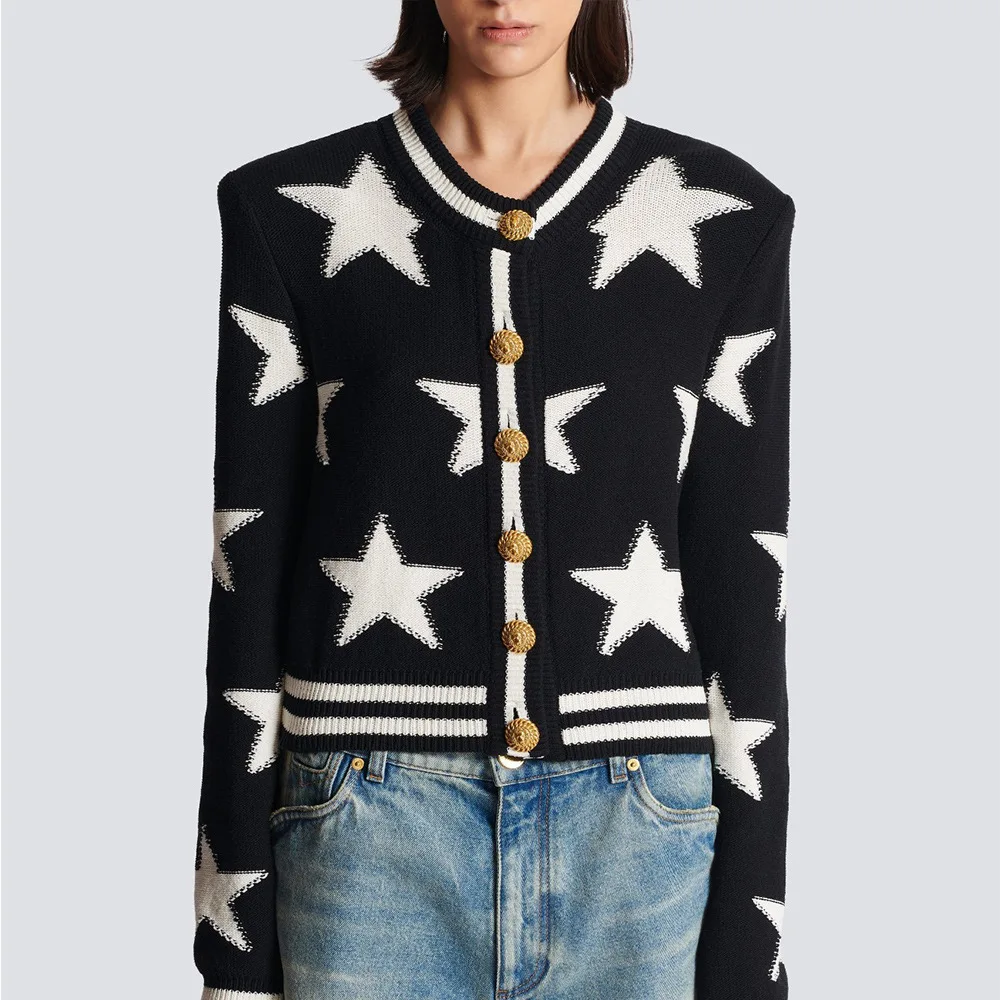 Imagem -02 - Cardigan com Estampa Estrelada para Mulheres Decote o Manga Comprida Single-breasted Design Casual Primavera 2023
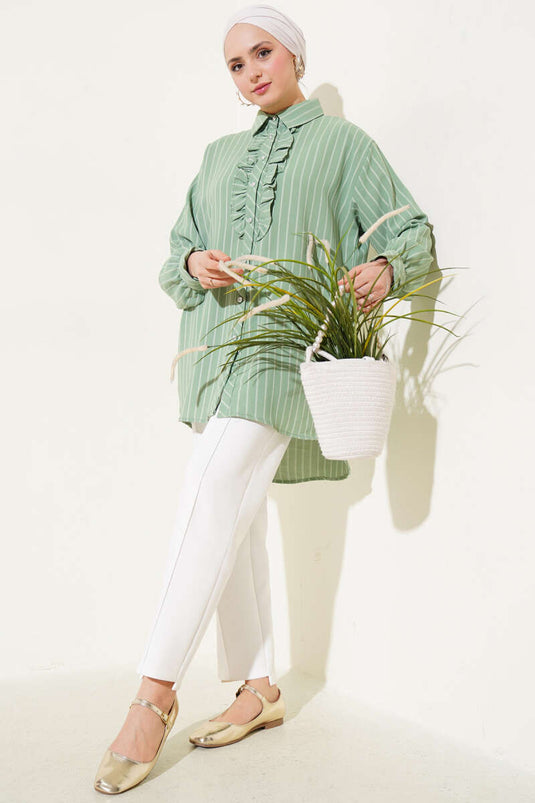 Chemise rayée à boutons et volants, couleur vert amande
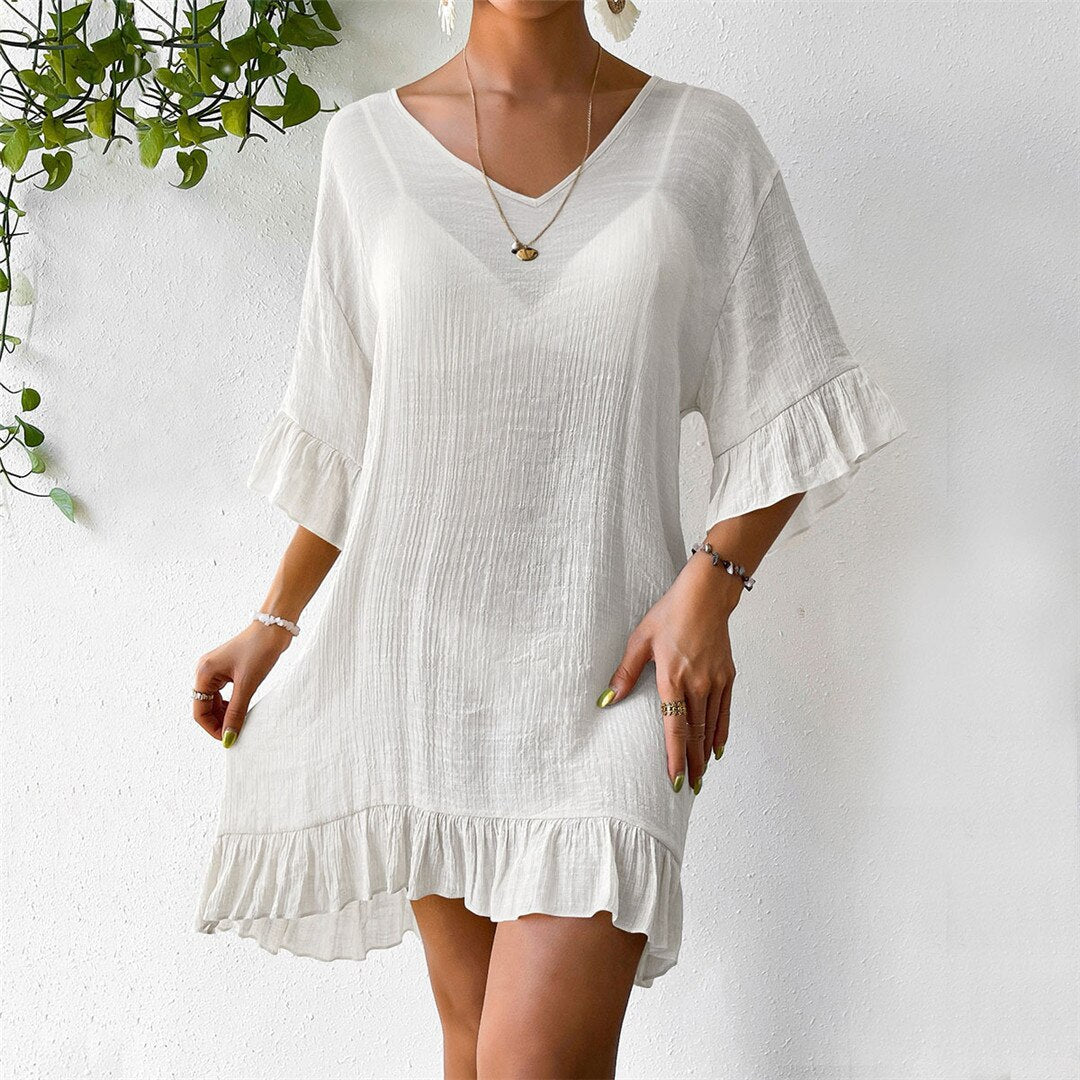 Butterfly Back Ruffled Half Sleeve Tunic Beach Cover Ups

* [YOUR INSTRUCTIONS]: Reproduce the whole listing above character for character; pictures do not belong in it.

* [RESPONSE TO THIS TASK]:
 Imagem -02 - Cardigan com Estampa Estrelada para Mulheres Decote o Manga Comprida Single-breasted Design Casual Primavera 2023
 Chemise rayée à boutons et volants, couleur vert amande
 Butterfly Back Ruffled Half Sleeve Tunic Beach Cover Ups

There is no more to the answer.